Silvergate (NYSE:SI), a west coast banking operation that has been a leader in supporting the digital asset sector, is not getting a lot of love these days. Its relationships with previously high-flying crypto platforms have come back to haunt the bank. Silvergate started 2022 with its shares trading at around $130 – today, Silvergate is trolling its 52-week low, hovering around $24 after losing over 8% just today. Silvergate got smacked today with a big downgrade from Morgan Stanley that investors took to heart. The analyst told investors to “reduce their exposure” in the bank until the dust settles in the FTX/Alameda bankruptcy debacle – because who knows when things will return to a sense of normalcy and what kind of skeletons remain in the closet before that happens.
In a press release last month, Silvergate acknowledged its relationships with FTX and Alameda, reporting that it held $11.9 billion in total deposits from digital asset customers, of which FTX represented less than 10%.
Silvergate CEO Alan Lane took an extraordinary measure today, posting a public letter defending his bank’s operations. Lane, in an understatement, said that it has been a very difficult few weeks in the digital asset industry. Noting that they have come to terms with the “apparent misuse of customer assets and other lapses of judgment by FTX and Alameda Research,” Lane said all of their customers continue to have access to their funds.
“I wanted to take this opportunity to set the record straight about Silvergate’s role in the digital asset ecosystem and what we have always done, and continue to do, to ensure our customers act in accordance with our robust risk management controls. We take risk management and compliance extremely seriously. Silvergate operates in accordance with the Bank Secrecy Act and the USA PATRIOT Act. For each and every account, these laws require us to determine the beneficial owner, the source of funds, and the purpose and expected use of funds.“
Regarding FTX and Alameda Research, Lane said they had conducted “extensive due diligence” on the two firms. What he did not do is admit they have missed a thing or two.
Lane said they have ample liquidity and a strong balance sheet, indirectly countering short seller opinions and any possible rush to cash out of accounts by their customers.

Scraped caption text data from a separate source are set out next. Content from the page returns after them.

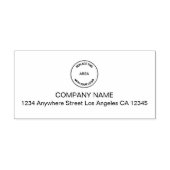 Name für die einfache Firmenlogos Rücksendeadresse Permastempel (Design)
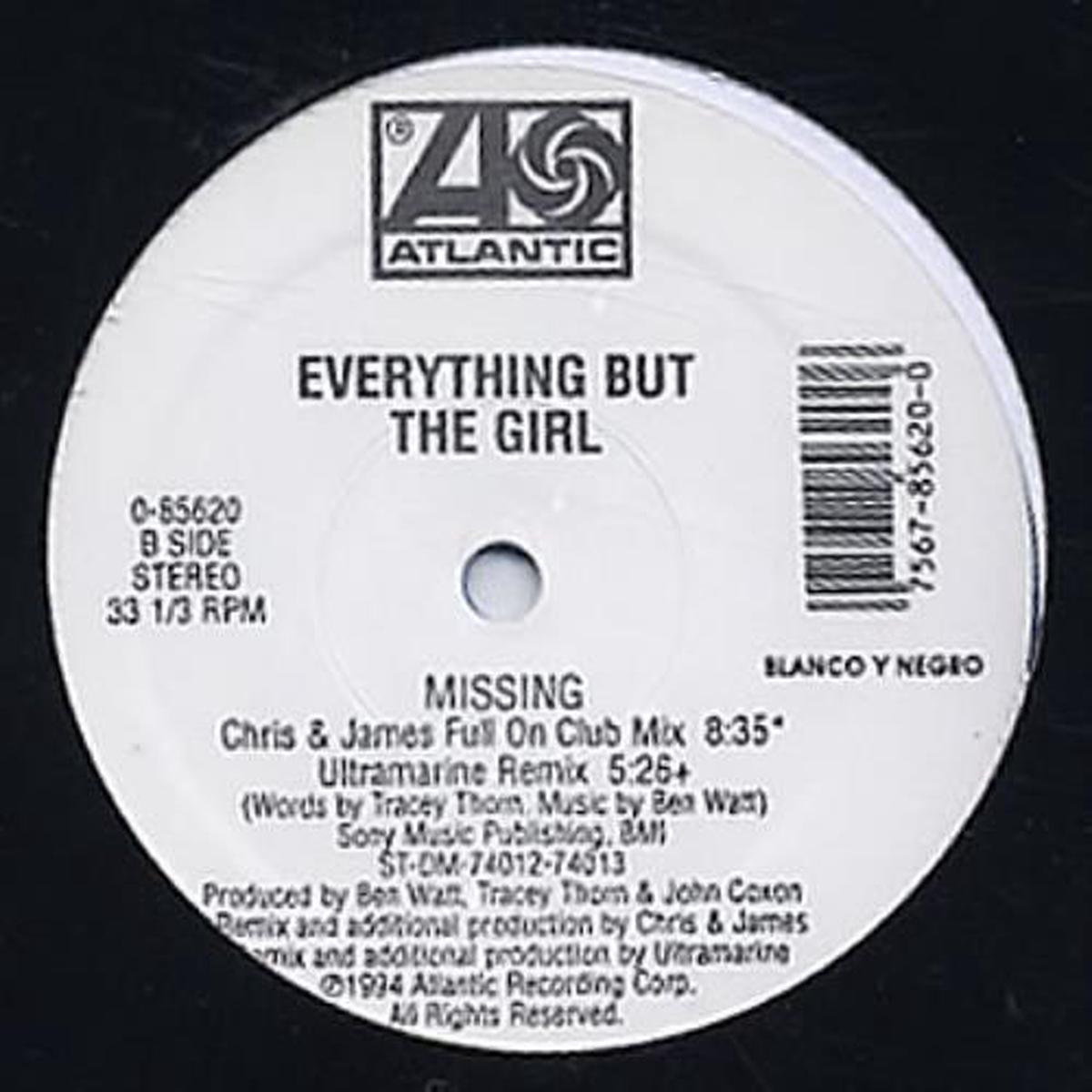 Everything But The Girl - Missing (The Bootleg Mixes) (12") (New Vinyl)
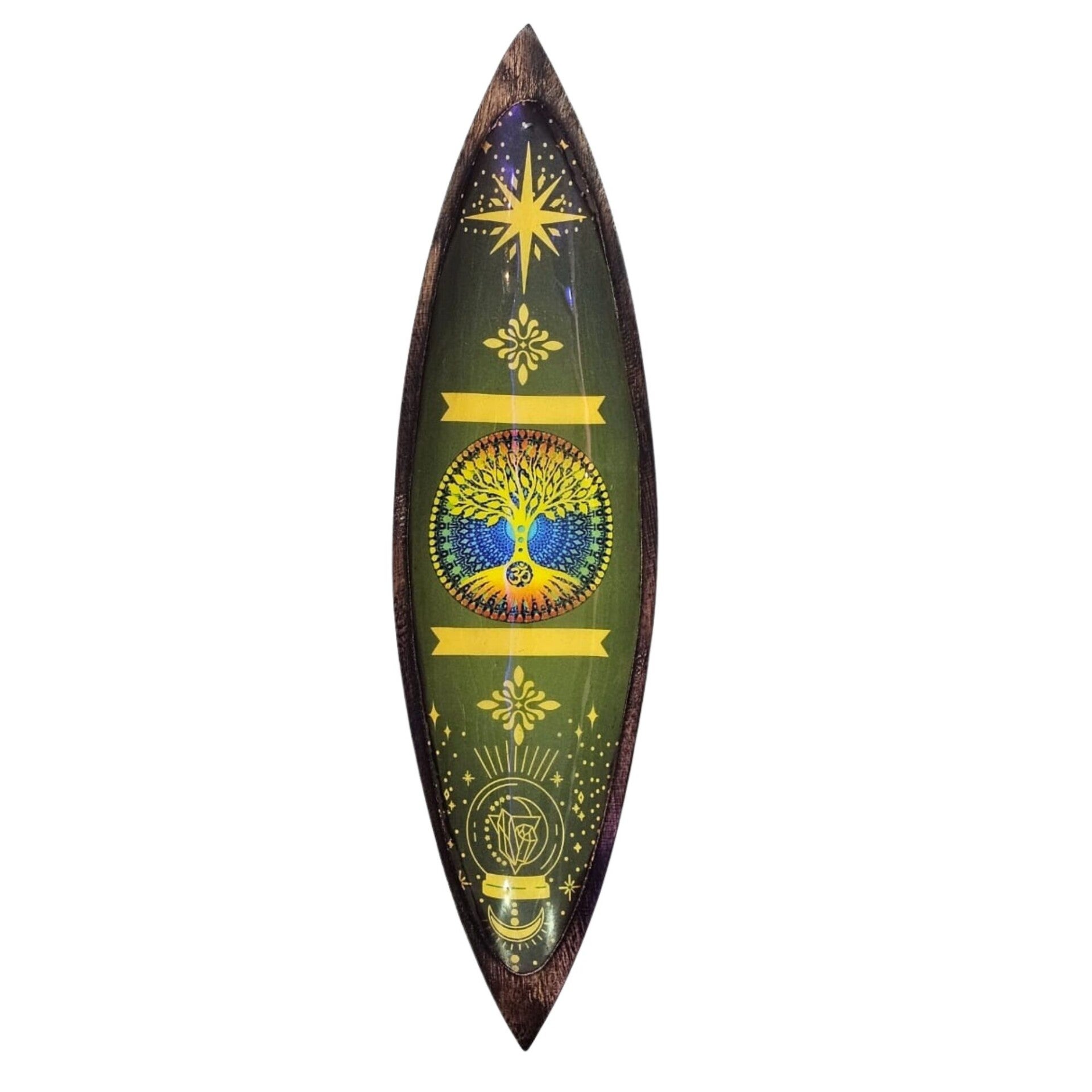 Encensoir émaillé – Bois de manguier – Arbre de vie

“In addition to the cash we carry on our balance sheet, our entire investment securities portfolio can be pledged for borrowings at the Federal Home Loan Bank, other financial institutions, and the Federal Reserve Discount Window – and can ultimately be sold should we need to generate liquidity to satisfy customer withdrawal request. We intentionally carry cash and securities in excess of our digital asset-related deposit liabilities. We purpose-built this business to support our customers not only during periods of growth but also in periods of volatility – that is, our business is designed to accommodate deposit inflows and outflows under a range of market conditions.”